# Will it react question



## Gtiracer (Jul 17, 2008)

Simple question really. But I'm spraying some items and going to have to leave the items a few days in between stages, possibly dust settling and other things before starting to paint again would ruin the finish I'm sure.

Would methylated spirits react with the cellulose paint already on if I use it to wipe them down

Thanks for any help


----------



## chongo (Jun 7, 2014)

Why spray something knowing when the dust is going to lie on the finish.


----------



## supernova-dw (Apr 26, 2014)

If you mean leaving time between the primer and top coat then no problems however if you mean leaving time between the basecoat and lacquer then no you should not do this and don't consider using methylated spirits for panel wiping.


----------



## Tintin (Sep 3, 2006)

Pretty sure meths will dissolve the cellulose paint. That's why you can clean brushes with it.

A litre of panel wipe is only £5 at Express Paints, or more at Metalflake but free postage. Local auto paint shops will stock it for sure. For the sake of a fiver or tenner it's worth getting the proper thing I reckon


----------



## Gtiracer (Jul 17, 2008)

chongo said:


> Why spray something knowing when the dust is going to lie on the finish.


Knocked the thanks button accidentally when trying to reply earlier, unfortunately I don't have a dedicated studio especially for spraying in my garden that's set up with the perfect 100% dust free conditions. Therefore I assume that the atmospheric conditions will probably have a 2%-5% content of dust which although I will try to apply an invisible force field to protect my items.
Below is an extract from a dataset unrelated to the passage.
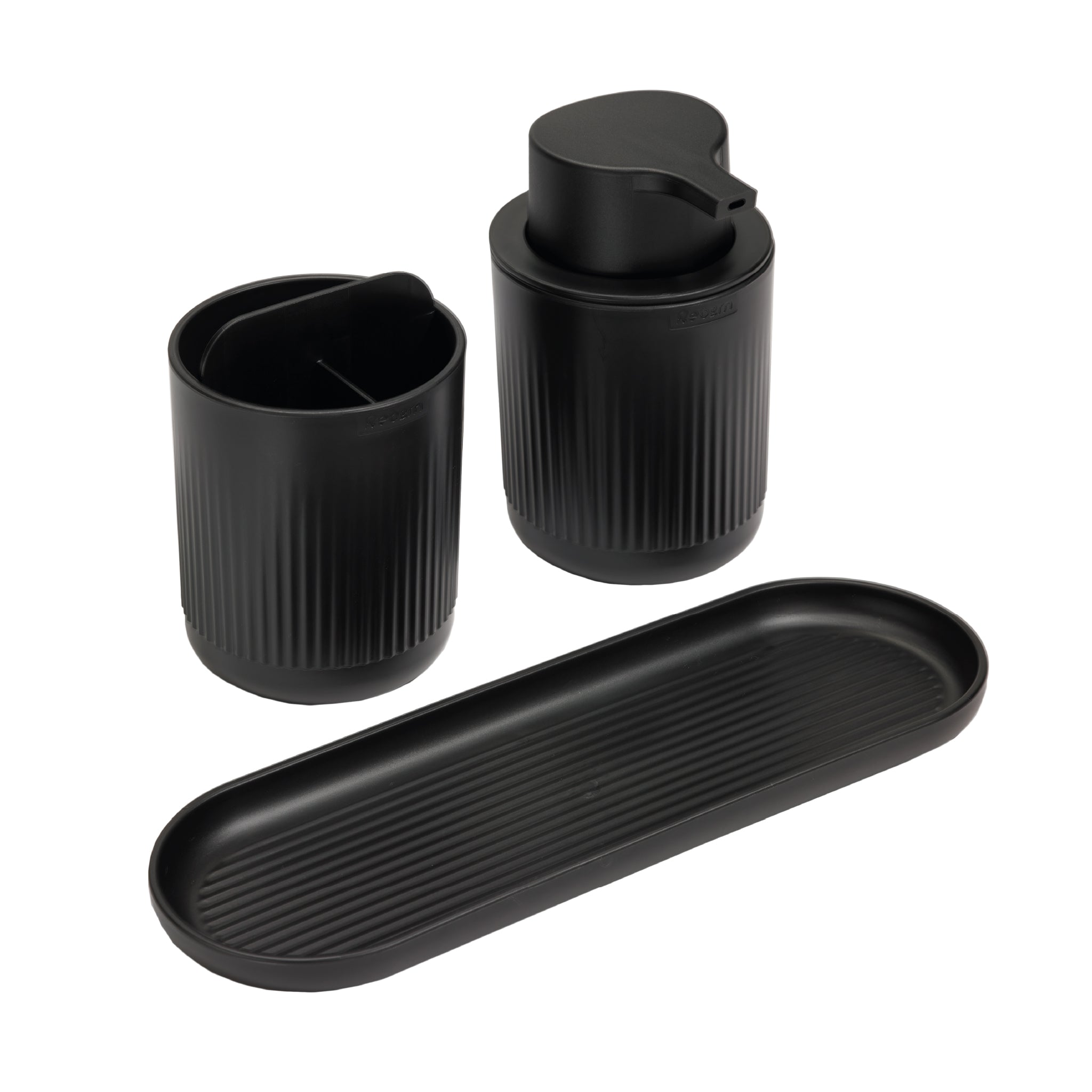 Sleek black bathroom set with ribbed texture—includes soap dispenser, toothbrush holder, and tray for a modern, organized space.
There is the minute possibility of a couple of fragments of dust landing on them.

I hope in your infinite wisdom you can understand this is a one off job and im just trying to make the best of it I can.

Thank you to everyone else for the helpful comments


----------



## Gtiracer (Jul 17, 2008)

Using cellulose paints how long should I leave the last layer of colour before applying lacquer please? There seem to be opinions varying between 15 mins and 48 hours

At the moment there is colour on there but I need to sand out some imperfections before spraying more colour on, then will move on to the lacquer


----------



## Shug (Jul 13, 2007)

If theres a chance of dust, I'd go over it with tack cloths as well after the panel wipe. 
I'd put on plenty coats of cellulose before lacquering. It goes on pretty thin.


----------



## AllenF (Aug 20, 2012)

Meths ( the purple stuff ) has an oil based dye in it so certainly wouldnt wipe down with that it would be like cleaning it with silicon spray.
Tack cloth is you best bet .
panel wipe is the next best option


----------



## Gtiracer (Jul 17, 2008)

Yes i will do that, i am staying well away from meths after the advice. howlong do you think i should wait before applying lacquer?

and should I sand the colour coat before applying the lacquer as well please?

Cheers


----------



## Scoobycarl (Aug 13, 2011)

If you sand basecoat you will need to spray more basecoat before clear ! 
Should only sand basecoat if its got dirt nibs you want to remove or if it has too much texture which shouldnt happen really ! If you sanded basecoat then clear coated it you would see the scratch marks especially silver.


----------



## Gtiracer (Jul 17, 2008)

Scoobycarl said:


> If you sand basecoat you will need to spray more basecoat before clear !
> Should only sand basecoat if its got dirt nibs you want to remove or if it has too much texture which shouldnt happen really ! If you sanded basecoat then clear coated it you would see the scratch marks especially silver.


Yes I plan to add more colour. I'm sanding a couple of imperfections. but I dont want to start spraying the last layers of colour until I know how long to leave it before spraying lacquer on.

Any clues please


----------



## XRDAN (Feb 28, 2012)

ask your paint supplier for the tds or search online for it. this will give you the all the info you need. the main thing is to make sure the base coat is fully dry before applying the clear. This weather its best to apply some gentle heat, also the panel temp will make a massive difference to drying times and how the base lays down.


----------



## Scoobycarl (Aug 13, 2011)

Im not familiar with cellulose as i have not sprayed it for years but normal basecoat can be left upto 24 hours before you have to clearcoat it,but normaly you would clear it after 30 minutes after your last coat of base.


----------